Cuando cumplió cuatro años, el nieto recuerda que el akún llegó a casa. Lo saludó con un abrazo y, con solemnidad, sacó un billete verde de su bolsillo, diciendo: “Li si” —propina— “parte con tu hermano”. El niño, sin entender del todo, buscó unas tijeras y cortó el billete por la mitad, cumpliendo al pie de la letra lo que creyó una orden. El grito de su hermano, seguido por el alboroto de su madre y tías, quedó grabado en su memoria. La escena terminó en lágrimas, aunque una de sus tías pegó las mitades con cinta scotch con la esperanza de que el billete aún sirviera.

Pasaron los años, y cuando tenía catorce, volvió a ver a su abuelo, quien se había distanciado del padre tras su segundo matrimonio. Conversaron largamente sobre el colegio, el tenis de mesa, y entonces, casi con timidez, el nieto le preguntó por qué había venido al Perú. El anciano suspiró profundamente y comenzó un relato que jamás olvidaría.

Había sido maestro rural en China, único profesor de un salón multigrado con cuarenta niños. Enseñaba lectura, escritura, canto y danzas de kung-fu. Un misionero francés que pasó por el pueblo le regaló una cámara fotográfica y le enseñó a revelar placas, conocimiento que transmitió a sus alumnos. Pero en tiempos de hambruna, el hambre no era noticia: era una presencia constante. En aquella época casi no comían de noche esperando que llegue el sueño para olvidar el dolor del estómago vacío. Al final de cada año, un comisario comunista repartía apenas un metro cuadrado de tela por persona que les servía para remendar los huecos de las prendas, no alcanzaba para más. Con lo que ganaba logró ahorrar algo. Un compañero le había contado que en Perú había oportunidades. También sabía que un primo lejano se había establecido allá. Pero no tenía suficiente para el pasaje.

Pidió ayuda a su hermano mayor, un agricultor. El hermano, conmovido, le dijo: “No tengo dinero, solo me queda el buey”. Lo vendió, y con eso el maestro pudo pagar el pasaje. Embarcó en un viejo vapor que demoró más de dos meses en llegar al Callao, justo en medio de una huelga de estibadores y carteros. Con el poco dinero que le quedaba, alquiló una habitación por cuatro días en el Callao. Luego encontró refugio en casa de un paisano, de su antigua aldea, que vivía en el jirón Huallaga. No sabía castellano, pero en la oficina postal buscaban personal para cubrir la huelga. Le entregaron un plano y una bicicleta, y comenzó a repartir cartas. Gracias a las propinas, pudo sobrevivir y, con el tiempo, devolver el dinero. Lamentablemente, su hermano había fallecido, pero alcanzó a traer a dos de sus sobrinos a quienes acogió como hijos.

El relato se interrumpió cuando el anciano rompió en llanto.
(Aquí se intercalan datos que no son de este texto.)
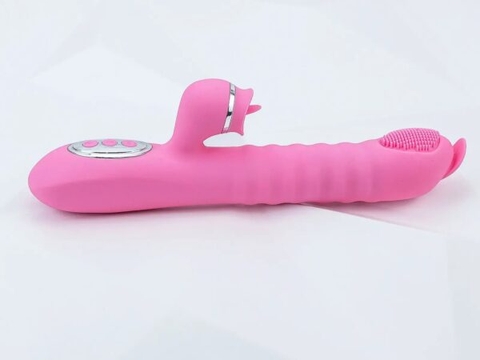 Máy Massage Lưỡi Liếm 2 Đầu Telescopic Liếm, Rung, Thụt, Tỏa Nhiệt Pin Sạc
El nieto comprendió entonces la dimensión de aquel sacrificio.

El barrio chino fue mucho más que una isla cultural: fue un puente hacia la integración. Los inmigrantes chinos compartieron saberes en gastronomía, medicina tradicional y artes marciales. Incluso, como gesto de hermandad, obsequiaron a Lima la fuente del Parque de la Exposición por el centenario de la independencia.

A lo largo de 176 años, chinos y peruanos han compartido penas y esperanzas, celebraciones y tristezas. Hoy sus descendientes caminan juntos, con orgullo, hacia el porvenir en un mismo país. Una prueba de esa integración son las colas que se forman los fines de semana para disfrutar de un buen chifa en el barrio chino o en la avenida Aviación. 

Y él, descendiente de aquel maestro que cruzó el mar, piensa con gratitud en ese tío abuelo que vendió su único buey en Tai Liao. Gracias a ese desprendimiento y al coraje del otro, él puede hoy contar esta historia de lucha, fraternidad y esperanza.